Challenge Questions

These challenge questions are intended to go beyond what we talk about in class and introduce you to some complexities of Python syntax.

You can turn in up to two of these questions to replace your Mastery score on their corresponding homework assignment. For example, if you got an IC, N, or P on Homework 3, you can complete Challenge Question 3 for that assignment instead of revising the assignment itself.

If you wish to submit these for mastery credit, submit them to the associated homework assignment.

There’s no Challenge Question 1 because there’s not much you can do with just variables to make this interesting.

Challenge Question 2: If/Else & Loops

A popular feature in Python is list comprehension. You can read more about list comprehension in this article and at Python’s documentation.

Short is not always better–list comprehensions are helpful, but can often be difficult to read. However, it’s nice to know how they work.

Important to know is that a list comprehension creates a generator object, which is not itself a list but acts like one in many contexts (what it actually is is outside the scope of this course, but come talk to me if you’re curious). In particular, it can be converted to a string with .join() just like a list can.

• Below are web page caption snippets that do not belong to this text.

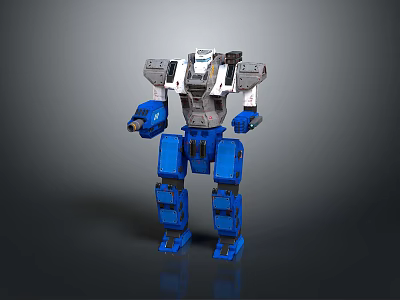 Game Movie Robot Character With Blue White Gray Mechanical Armor And Detailed Design 3d model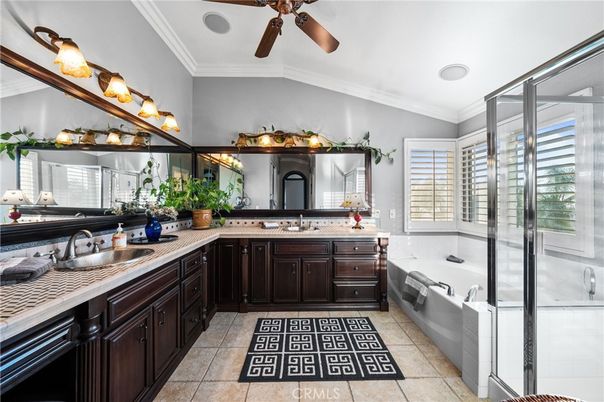 Bathroom, Dual Sink Vanities, Glass Shower, Interior, Tile Countertops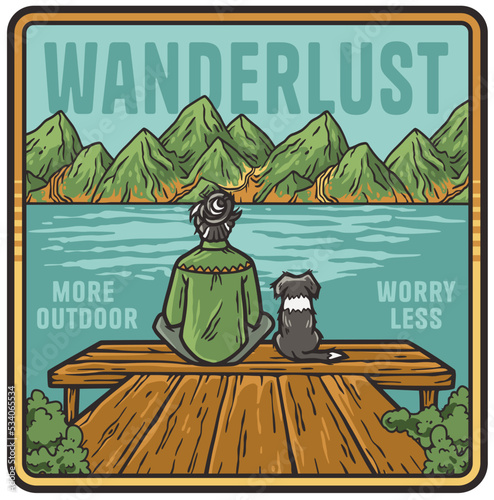 Outdoor wild camping print with Girl traveller and dog travel companion. Mountains adventure. Wanderlust summer forest explore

Question: Write a one-line program, using list comprehensions, which prints out every even number between 1 and 100 unless that number is divisible by 3; in that case, print “threes!” instead.

Challenge Question 3: Functions

A common but tricky concept in computer programming is recursion. Recursion is when a function calls itself, usually with a modified input, so that the output of calls to the function with smaller inputs can be used as part of the solution for larger inputs. The recursion “bottoms out” with some base value.

Here are some additional resources on recursion: 1, 2.

As an example, here is a recursive function to calculate the sum of all numbers between 0 and some input n.

def recursum(n):
    if n == 0:
        return 0
    else:
        return n + recursum(n-1)

We have some base case, the smallest possible input: if n = 0, then we return 0.

For all other inputs, we can represent the sum as follows:

sum(n) = sum(n-1) + n

So this becomes our recursive call.

Another thing you could calculate recursively is the binomial coefficient, \(n \choose k\\), read n choose k. This often comes up in statistics and combinatorics.

\[{n \choose k} = \frac{n!}{(n-k)! k!}\]

Where ! is the factorial operator.

Note! We must have \(k < n\)

$n \choose k$ can be written recursively as follows:

\[{n \choose k} = {n -1 \choose k-1} + {n-1 \choose k}\]

With the following base cases:

\[{n \choose n} = {n \choose 0} = 1\]

Question: Write a function which calculates $n \choose k$ recursively.

Challenge Question 4: Lists & Dictionaries

If you run the following code, you might find it does not do what you expect.

my_list = [2, 9, 20, 54]
new_list = my_list
new_list[0] = 11
print(my_list)
print(new_list)

It is probably surprising that changing something innew_list changes that same thing in my_list.

This challenge question is a written response:

  1. Does this happen with variables that store integers? With structures other than lists? In particular, check if this happens for key-value assignment in dictionaries. Do a little exploration, then come up with a theory for what is happening.
  2. Read this article and then, in your own words, explain why changing new_list changes my_list in the above code. Feel free to look up other concepts referenced in the article that you don’t understand.
  3. Propose how to change the above code so the original list is not altered.